Task =>
Look below for the line with "예결특위, 도 2024년도 예산안 제안설명 관련 정책질의 주요내용 2" and the line with "Load image into". Copy exactly those two lines and every line between, but not the pictures.

Material for this exercise =>
=== Begin Enclosure ===
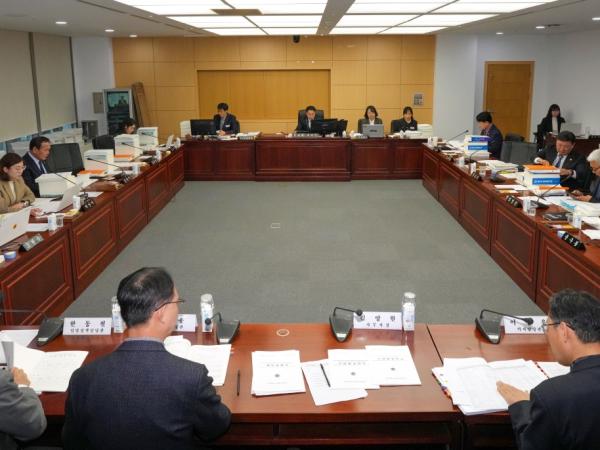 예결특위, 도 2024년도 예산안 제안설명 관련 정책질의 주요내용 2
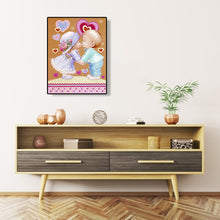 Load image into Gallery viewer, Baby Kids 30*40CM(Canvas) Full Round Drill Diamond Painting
=== End Enclosure ===
=== Begin Enclosure ===
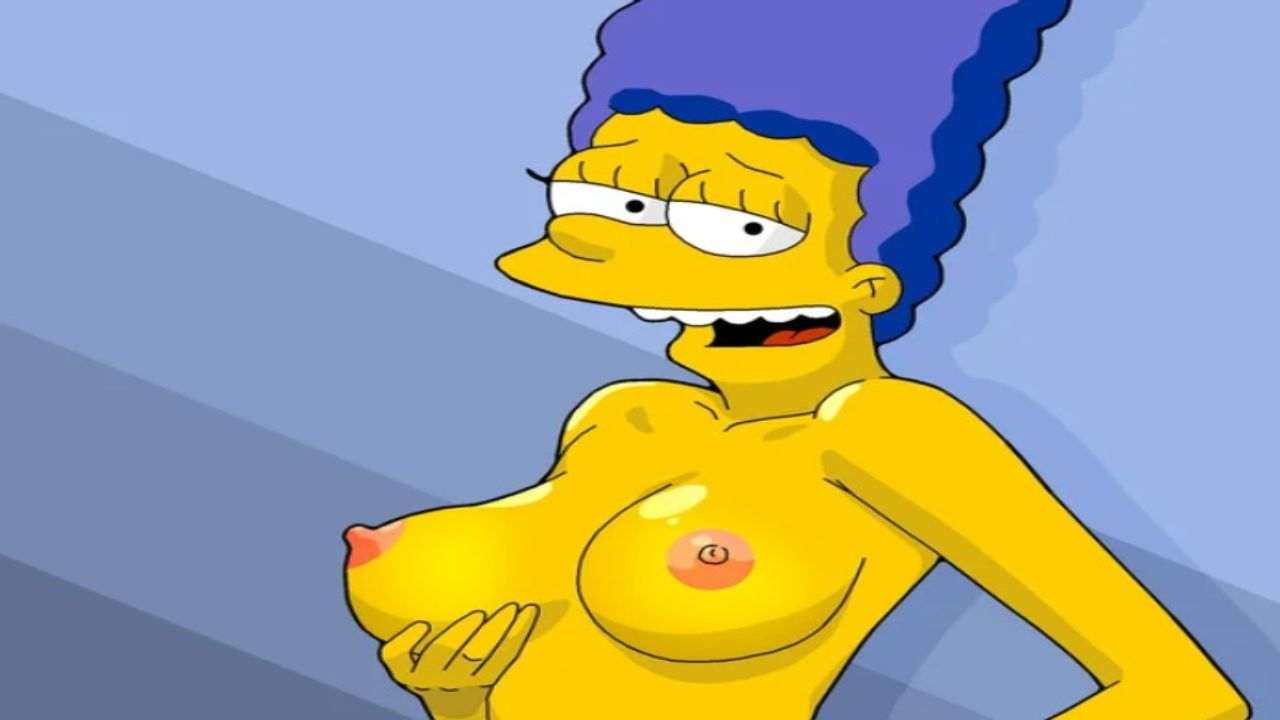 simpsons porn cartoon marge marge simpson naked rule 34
=== End Enclosure ===
=== Begin Enclosure ===
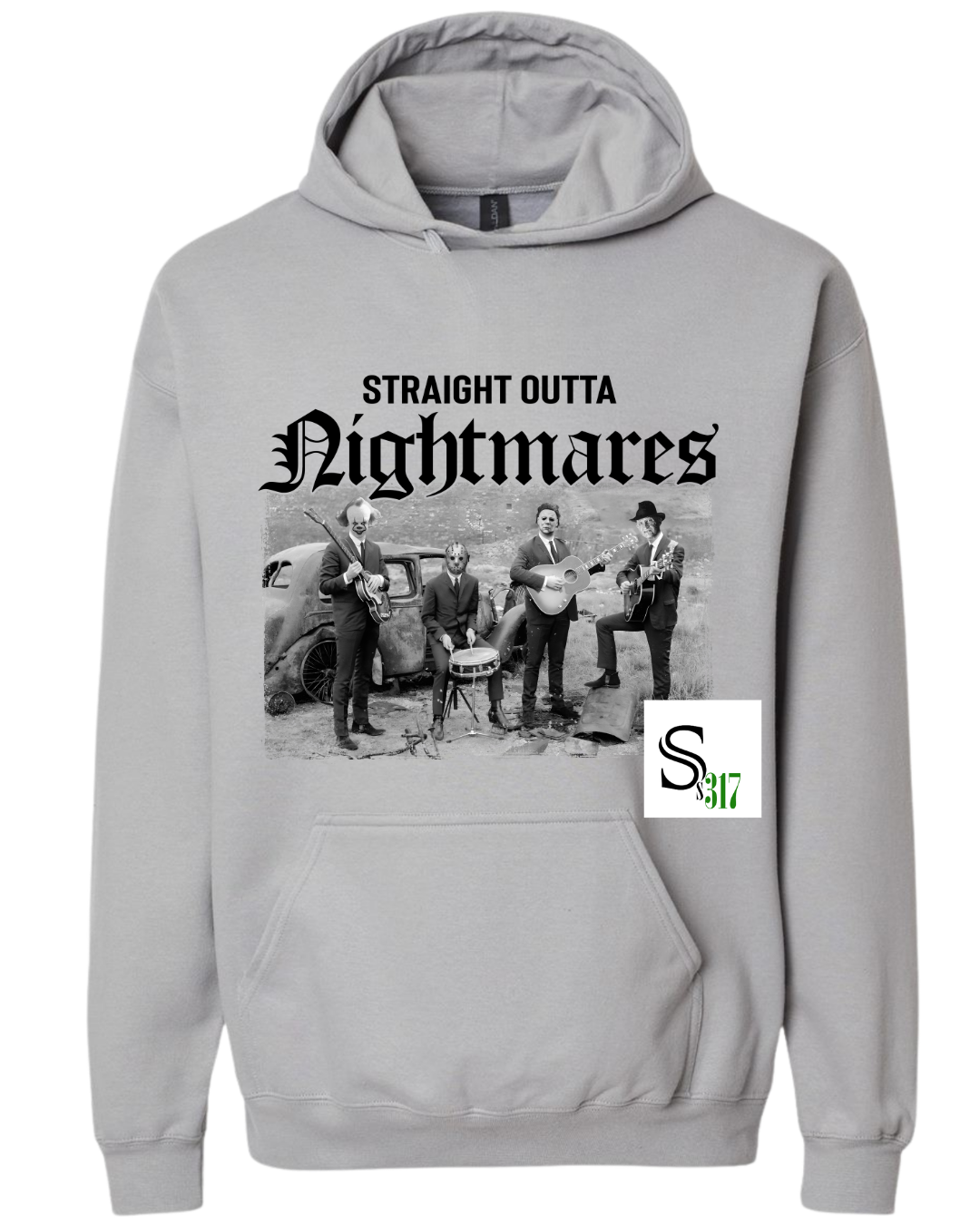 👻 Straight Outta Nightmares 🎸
=== End Enclosure ===
Your response =>
 예결특위, 도 2024년도 예산안 제안설명 관련 정책질의 주요내용 2
 Load image into Gallery viewer, Baby Kids 30*40CM(Canvas) Full Round Drill Diamond Painting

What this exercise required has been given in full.